Bass Booster

By coiling up like a snail shell, the human inner ear concentrates the energy of sound, increasing sensitivity in the bass range, researchers have found. In different mammals, the tightness of the coil affects the range of frequencies a species can hear.

The coiling of the cochlea — the fluid-filled structure of the inner ear that detects sound and turns it into nerve signals — guides sound the way a whispering gallery does, explains Daphne Manoussaki, a mathematician at Vanderbilt University in Nashville. The whispering-gallery effect is heard inside some rotundas, where the shape of the dome carries sound from one end to the other, so that two persons standing at opposite ends can hear each other whisper.

But the cochlea has an added twist, Manoussaki and her collaborators have now shown. Its spiral curves less tightly at the outer end, where sound waves enter, and then tightens up more and more toward the center. As sound travels inside the cochlear canal, it bounces off the inner walls. The increasingly curved walls shift more of the energy in the sound’s waves to the outer edge of the canal, computer simulations revealed.

“The coiling has an extra effect, of throwing the energy more toward the outside wall,” says study coauthor Richard Chadwick of the National Institute on Deafness and Other Communication Disorders in Bethesda, Md. The result looks a bit like what happens during a washing machine’s spin cycle, when centrifugal forces flatten clothes toward the drum — except that in the ear there aren’t any actual centrifugal forces involved.

Because the energy is focused, sound-sensing hair cells inside the cochlear canal will vibrate more if they are toward the outer side than will the cells on the inner side. It appears that the cells then detect a shear in the movement of the cells’ hairs. The shear will be especially boosted toward the center of the cochlea, which specializes in low-frequency hearing.

Manoussaki’s collaborators also compared the geometry of the cochlea across a dozen different species of mammals. Using high-resolution CT scans, the researchers measured the change in coiling tightness between the beginning and the end of the cochlea. The larger that change, the lower the frequency a species can hear, the researchers found.

In rats, for example, the cochlea coils about three times as tightly at the center than at the entrance, while in gerbils it coils almost seven times as tightly. Correspondingly, rats are almost deaf below a few hundred hertz, while gerbils can hear frequencies as low as 56 hertz — handy when you live in a low-frequency world of tunnels.

In humans, the coiling gets more than eight times as tight, and our hearing range extends even lower than gerbils’. But elephants and cows, whose coiling tightens by almost a factor of nine, do even better. Other anatomical differences between species also play a role in bass sensitivity, but the researchers say that the change in coiling tightness accounts for 70 percent of the variation across species.

The results, which appear in the April 22 Proceedings of the National Academy of Sciences, should put some older theories to rest, says coauthor Darlene Ketten, a functional anatomist at the Woods Hole Oceanographic Institution in Massachusetts.
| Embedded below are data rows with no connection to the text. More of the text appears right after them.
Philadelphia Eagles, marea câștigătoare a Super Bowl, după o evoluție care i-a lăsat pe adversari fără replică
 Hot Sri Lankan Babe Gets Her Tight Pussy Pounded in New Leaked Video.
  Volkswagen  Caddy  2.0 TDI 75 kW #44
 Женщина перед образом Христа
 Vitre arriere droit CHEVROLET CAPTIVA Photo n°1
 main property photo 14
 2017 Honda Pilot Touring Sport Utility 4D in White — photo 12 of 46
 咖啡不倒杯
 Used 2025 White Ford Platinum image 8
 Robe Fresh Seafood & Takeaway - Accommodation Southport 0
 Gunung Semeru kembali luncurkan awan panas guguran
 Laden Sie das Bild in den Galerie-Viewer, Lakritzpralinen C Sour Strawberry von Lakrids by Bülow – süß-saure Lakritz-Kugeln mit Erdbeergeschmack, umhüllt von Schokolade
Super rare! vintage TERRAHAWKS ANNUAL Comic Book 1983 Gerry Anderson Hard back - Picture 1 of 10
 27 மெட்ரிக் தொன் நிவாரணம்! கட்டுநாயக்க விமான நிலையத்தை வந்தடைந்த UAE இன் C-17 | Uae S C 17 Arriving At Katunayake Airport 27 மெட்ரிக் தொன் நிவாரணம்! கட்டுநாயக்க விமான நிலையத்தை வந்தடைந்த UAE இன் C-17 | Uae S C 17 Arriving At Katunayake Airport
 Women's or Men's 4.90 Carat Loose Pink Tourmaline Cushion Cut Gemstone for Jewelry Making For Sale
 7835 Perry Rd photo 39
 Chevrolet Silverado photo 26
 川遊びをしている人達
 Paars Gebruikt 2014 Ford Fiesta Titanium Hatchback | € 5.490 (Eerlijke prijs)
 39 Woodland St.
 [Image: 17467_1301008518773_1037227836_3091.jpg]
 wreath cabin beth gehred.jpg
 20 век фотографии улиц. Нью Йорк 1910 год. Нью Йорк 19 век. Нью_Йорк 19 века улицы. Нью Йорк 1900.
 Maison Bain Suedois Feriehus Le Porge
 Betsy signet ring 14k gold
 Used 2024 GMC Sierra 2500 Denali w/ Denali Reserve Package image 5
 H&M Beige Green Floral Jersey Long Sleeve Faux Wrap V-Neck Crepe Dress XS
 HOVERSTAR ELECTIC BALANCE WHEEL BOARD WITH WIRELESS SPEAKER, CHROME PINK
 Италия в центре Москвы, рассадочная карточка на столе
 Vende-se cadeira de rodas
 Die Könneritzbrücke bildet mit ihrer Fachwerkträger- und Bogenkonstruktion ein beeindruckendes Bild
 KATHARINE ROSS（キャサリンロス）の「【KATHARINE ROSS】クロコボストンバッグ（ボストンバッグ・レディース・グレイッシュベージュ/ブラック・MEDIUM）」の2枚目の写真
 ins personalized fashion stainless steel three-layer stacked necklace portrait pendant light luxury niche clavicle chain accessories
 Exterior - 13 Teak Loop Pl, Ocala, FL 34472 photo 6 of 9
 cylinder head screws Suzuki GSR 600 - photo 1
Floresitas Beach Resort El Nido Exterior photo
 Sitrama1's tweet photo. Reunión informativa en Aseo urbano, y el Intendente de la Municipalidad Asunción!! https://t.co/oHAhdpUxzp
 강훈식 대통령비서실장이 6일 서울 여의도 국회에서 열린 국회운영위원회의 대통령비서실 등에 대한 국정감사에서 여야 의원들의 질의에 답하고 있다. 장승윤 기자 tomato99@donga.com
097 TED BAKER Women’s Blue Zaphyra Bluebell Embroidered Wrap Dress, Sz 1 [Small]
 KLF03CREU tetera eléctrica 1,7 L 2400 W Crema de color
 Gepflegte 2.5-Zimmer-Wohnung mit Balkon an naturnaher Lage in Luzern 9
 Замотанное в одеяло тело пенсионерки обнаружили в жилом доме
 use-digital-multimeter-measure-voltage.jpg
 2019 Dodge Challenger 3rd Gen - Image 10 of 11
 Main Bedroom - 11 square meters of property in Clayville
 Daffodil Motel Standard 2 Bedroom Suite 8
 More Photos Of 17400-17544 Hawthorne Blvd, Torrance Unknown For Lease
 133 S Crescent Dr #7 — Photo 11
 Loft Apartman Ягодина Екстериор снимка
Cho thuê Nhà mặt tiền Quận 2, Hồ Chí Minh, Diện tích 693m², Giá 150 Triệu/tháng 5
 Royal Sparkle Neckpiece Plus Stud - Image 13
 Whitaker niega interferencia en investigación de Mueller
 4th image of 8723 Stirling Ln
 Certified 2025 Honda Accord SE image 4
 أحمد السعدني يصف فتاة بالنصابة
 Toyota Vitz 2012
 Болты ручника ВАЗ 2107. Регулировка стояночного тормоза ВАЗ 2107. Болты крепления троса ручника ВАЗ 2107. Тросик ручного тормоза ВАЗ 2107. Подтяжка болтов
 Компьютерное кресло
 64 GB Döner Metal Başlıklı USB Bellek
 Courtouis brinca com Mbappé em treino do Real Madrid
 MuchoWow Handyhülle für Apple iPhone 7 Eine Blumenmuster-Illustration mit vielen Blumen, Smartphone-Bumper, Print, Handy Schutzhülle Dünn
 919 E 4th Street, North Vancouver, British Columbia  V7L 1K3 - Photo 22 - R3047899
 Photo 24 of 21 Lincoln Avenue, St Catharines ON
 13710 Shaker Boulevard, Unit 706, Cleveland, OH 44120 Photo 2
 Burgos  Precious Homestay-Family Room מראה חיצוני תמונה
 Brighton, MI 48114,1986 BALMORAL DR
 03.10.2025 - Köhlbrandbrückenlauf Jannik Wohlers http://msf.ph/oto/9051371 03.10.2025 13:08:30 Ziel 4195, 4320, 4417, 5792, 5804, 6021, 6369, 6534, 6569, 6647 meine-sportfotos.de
In particular, her team found no correlation between the length of the unrolled cochlea and the lowest frequencies heard, though she says another correlation is true: “Typically, the longer the cochlea, the more octaves you can hear.”

And coiling, she adds, doesn’t just allow the cochlea to fit in the tight space available in the skull, as some previously believed. DavidMountain, a biomedical engineer at BostonUniversity, agrees. “Most researchers have assumed that the spiral shape of the cochlea was to save space,” he comments. “Most previous theoretical studies of the cochlea made the simplifying assumption that the cochlear duct is straight because it was believed that the effects of the curvature were minimal.”